Understand and Set Goals for Your Net Worth
Your personal net worth is defined by what you own (your assets) and what you owe (your liabilities). When you take your assets minus your liabilities, it paints a picture of your current financial situation, as well as serves as a compass for setting and achieving your financial goals.
As you continue to build your career, earn money and save during adulthood, your net worth should grow. At the same time, to maximize net worth, you need to minimize unnecessary expenditures and reduce debt.
Ongoing monitoring of your personal net worth will help you determine your progress towards your retirement savings goals.
Try to Clear Unsecured Debts in Your 20s
Unsecured debts are mostly comprised of your credit card debts, payday loan debts, uncollateralized personal loans, and anything else that has no asset property involved. These debts eat up your net worth to a great extent and, in general, carry very high interest rates.
Mr. Masaki advises to make it a mission to destroy these debts before you enter your 30s.
"You might argue that the 20s is a time to have optimum fun and entertainment. Well, definitely it is," Mr. Masaki said. "Still, you should know when to hold the finance rope tight. Don’t let impulsive spending habits take you on its toll."
Research studies indicate that credit card debt is the leading source of debt for adults between the ages of 25 to 34. Credit cards and mobile-device payment apps make it easy to spend and quickly rack up large amounts of debt in a small period of time. Therefore, it is important to be thoughtful about credit card spending and aggressive at clearing debt to minmize obstacles to buiding financial security for retirement.
To tackle credit card debt yourself on multiple cards, a credit card consolidation strategy may be an option. The purpose of consolidating card debt is to help you manage your debt more easily and effectively.

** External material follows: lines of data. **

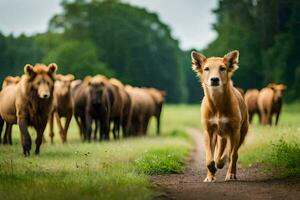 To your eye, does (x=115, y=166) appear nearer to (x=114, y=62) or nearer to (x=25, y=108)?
(x=25, y=108)

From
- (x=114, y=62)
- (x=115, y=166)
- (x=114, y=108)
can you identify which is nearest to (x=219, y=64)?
(x=115, y=166)

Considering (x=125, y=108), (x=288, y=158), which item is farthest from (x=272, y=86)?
(x=288, y=158)

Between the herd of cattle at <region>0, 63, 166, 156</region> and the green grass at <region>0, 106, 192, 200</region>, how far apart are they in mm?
1058

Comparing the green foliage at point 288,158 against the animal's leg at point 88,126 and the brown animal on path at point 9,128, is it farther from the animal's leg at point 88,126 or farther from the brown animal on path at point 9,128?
the animal's leg at point 88,126

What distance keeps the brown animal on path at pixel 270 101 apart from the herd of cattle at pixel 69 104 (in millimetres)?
5342

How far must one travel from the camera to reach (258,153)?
1939 centimetres

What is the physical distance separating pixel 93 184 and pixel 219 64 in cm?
367

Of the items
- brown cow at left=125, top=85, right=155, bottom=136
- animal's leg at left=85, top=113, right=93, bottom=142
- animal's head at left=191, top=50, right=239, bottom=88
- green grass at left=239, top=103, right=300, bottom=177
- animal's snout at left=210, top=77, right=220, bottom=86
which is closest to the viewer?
animal's snout at left=210, top=77, right=220, bottom=86

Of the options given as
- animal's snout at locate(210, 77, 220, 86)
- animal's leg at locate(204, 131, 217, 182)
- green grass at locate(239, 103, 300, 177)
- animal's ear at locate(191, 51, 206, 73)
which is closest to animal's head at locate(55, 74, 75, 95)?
green grass at locate(239, 103, 300, 177)

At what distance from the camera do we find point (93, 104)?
27656 millimetres

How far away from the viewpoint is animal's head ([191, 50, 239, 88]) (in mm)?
14258

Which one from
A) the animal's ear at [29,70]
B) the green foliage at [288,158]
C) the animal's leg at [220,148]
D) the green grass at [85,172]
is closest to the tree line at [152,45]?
the green grass at [85,172]

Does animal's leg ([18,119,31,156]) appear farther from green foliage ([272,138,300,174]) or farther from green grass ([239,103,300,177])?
green foliage ([272,138,300,174])

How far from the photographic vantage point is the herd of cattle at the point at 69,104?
765 inches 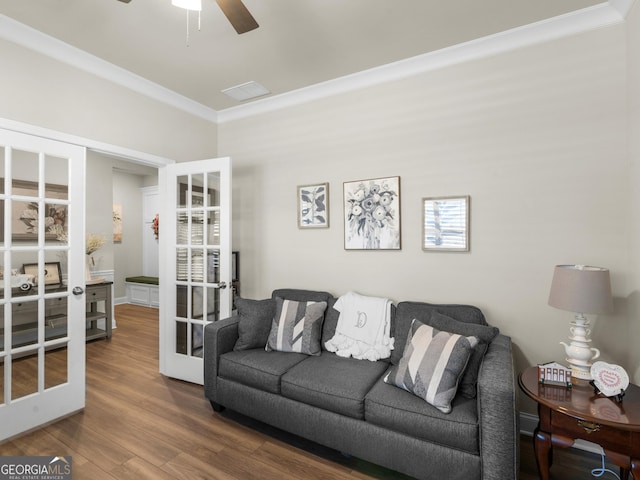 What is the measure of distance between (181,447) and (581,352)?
8.13ft

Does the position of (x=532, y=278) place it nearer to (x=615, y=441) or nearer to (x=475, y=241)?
(x=475, y=241)

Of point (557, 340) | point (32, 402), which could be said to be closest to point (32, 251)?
point (32, 402)

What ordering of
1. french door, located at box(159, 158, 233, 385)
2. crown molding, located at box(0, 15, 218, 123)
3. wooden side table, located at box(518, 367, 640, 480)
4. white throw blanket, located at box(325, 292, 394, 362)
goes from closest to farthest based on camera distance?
wooden side table, located at box(518, 367, 640, 480) → crown molding, located at box(0, 15, 218, 123) → white throw blanket, located at box(325, 292, 394, 362) → french door, located at box(159, 158, 233, 385)

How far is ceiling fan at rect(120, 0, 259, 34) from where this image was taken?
4.86 ft

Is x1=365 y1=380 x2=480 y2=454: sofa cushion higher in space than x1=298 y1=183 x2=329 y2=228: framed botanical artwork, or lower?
lower

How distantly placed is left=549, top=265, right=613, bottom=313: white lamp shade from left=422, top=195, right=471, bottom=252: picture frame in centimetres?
75

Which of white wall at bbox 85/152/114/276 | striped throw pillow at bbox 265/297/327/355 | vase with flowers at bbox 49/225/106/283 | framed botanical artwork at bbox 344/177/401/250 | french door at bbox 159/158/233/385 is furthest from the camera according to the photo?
white wall at bbox 85/152/114/276

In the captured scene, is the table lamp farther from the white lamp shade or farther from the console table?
the console table

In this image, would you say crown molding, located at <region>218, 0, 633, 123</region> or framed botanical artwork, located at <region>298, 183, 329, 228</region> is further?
framed botanical artwork, located at <region>298, 183, 329, 228</region>

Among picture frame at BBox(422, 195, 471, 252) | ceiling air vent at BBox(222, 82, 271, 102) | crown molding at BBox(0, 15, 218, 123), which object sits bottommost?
picture frame at BBox(422, 195, 471, 252)

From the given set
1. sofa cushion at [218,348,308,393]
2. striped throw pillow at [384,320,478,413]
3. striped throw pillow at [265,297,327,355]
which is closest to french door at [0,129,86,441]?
sofa cushion at [218,348,308,393]

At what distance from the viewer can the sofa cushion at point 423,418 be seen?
1.66 m

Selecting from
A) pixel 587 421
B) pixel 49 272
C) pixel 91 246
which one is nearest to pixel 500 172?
pixel 587 421

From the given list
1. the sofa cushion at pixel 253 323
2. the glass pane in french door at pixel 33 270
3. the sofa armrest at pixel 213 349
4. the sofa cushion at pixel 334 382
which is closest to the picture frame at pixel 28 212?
the glass pane in french door at pixel 33 270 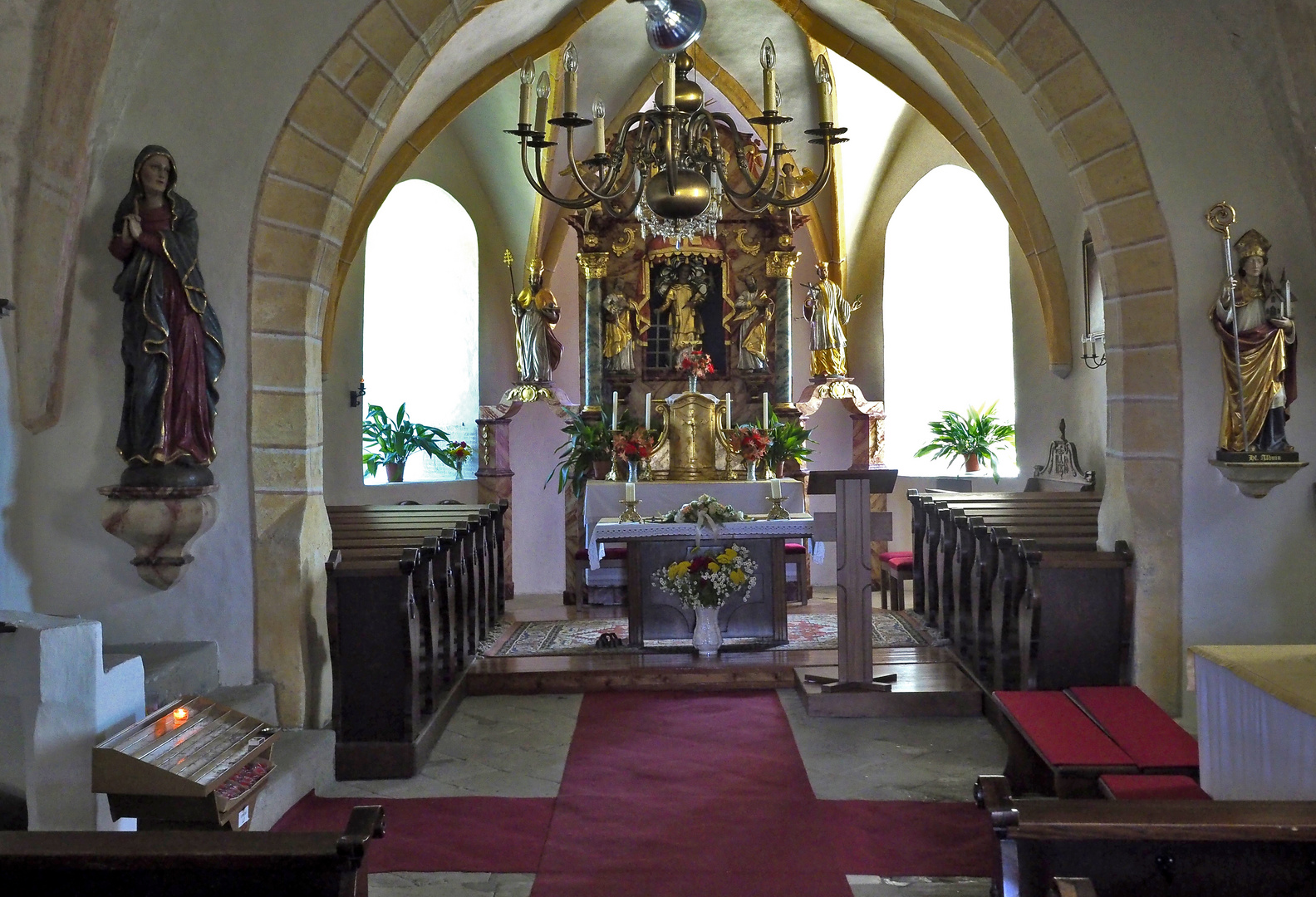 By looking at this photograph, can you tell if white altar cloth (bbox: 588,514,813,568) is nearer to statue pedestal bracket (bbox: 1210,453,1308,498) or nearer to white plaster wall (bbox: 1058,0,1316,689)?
white plaster wall (bbox: 1058,0,1316,689)

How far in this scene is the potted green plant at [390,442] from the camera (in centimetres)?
1042

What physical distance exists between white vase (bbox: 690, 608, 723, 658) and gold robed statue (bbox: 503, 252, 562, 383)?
15.2 ft

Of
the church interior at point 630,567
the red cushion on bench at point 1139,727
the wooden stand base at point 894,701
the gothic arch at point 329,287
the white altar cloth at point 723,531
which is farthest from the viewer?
the white altar cloth at point 723,531

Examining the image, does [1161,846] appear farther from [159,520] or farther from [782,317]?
[782,317]

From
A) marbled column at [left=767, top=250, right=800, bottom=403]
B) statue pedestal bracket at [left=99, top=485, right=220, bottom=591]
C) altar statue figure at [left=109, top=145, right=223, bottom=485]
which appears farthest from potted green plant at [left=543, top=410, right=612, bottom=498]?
altar statue figure at [left=109, top=145, right=223, bottom=485]

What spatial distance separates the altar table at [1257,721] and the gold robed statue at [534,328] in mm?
8148

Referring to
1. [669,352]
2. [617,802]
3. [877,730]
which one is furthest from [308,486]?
[669,352]

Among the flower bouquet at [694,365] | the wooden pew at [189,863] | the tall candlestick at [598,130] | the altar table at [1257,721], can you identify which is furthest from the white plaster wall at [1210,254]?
the flower bouquet at [694,365]

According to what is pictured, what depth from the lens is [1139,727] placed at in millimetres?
4066

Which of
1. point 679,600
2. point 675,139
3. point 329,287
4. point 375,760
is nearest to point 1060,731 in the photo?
point 675,139

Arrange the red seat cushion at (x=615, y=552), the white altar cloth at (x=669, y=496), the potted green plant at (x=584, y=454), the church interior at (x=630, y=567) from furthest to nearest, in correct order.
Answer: the potted green plant at (x=584, y=454) < the white altar cloth at (x=669, y=496) < the red seat cushion at (x=615, y=552) < the church interior at (x=630, y=567)

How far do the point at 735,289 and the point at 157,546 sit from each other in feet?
25.0

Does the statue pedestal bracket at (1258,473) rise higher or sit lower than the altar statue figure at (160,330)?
lower

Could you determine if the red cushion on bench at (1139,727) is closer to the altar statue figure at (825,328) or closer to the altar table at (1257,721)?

With this method, you transfer all your balances from existing credit cards to a new, lower-interest credit card with a limit equivalent to the sum total of your present credit card debt.
By doing this, you can close your existing cards and have only one card to pay off and manage. With a lower interest rate on the one card, you will save money. To learn more about this money strategy, click here: consolidating credit card debt.
Consider Investing Money as You Enter Your 30s
Having all of your money tied up in a checking account or low-interest savings account may not help you accummulate wealth over time. In fact, if your interest rate is lower than the rate of inflation, your money may be worth less over time.
Therefore, evaluate a mix of investment options for the long term that offer the potential to increase your money's value at a risk tolerance you can accept. Ways to allocate your money include retirement accounts, money market accounts, certificates of deposit, stocks, bonds, mutual funds and more.
Seeking the counsel of a certified financial advisor can be beneficial to help you define wealth goals over a period of time, determine money strategies, and build a portfolio with an appropriate mix of investment options. Also, there are many online tools that can help indviduals do their own investing and portfolio management.
When you are in your 20s and 30s, it is key to deploy money strategies that include debt reduction, increased earning, savings and thoughtful investing to help ensure a financially strong retirement. And, be sure to enjoy life along the way.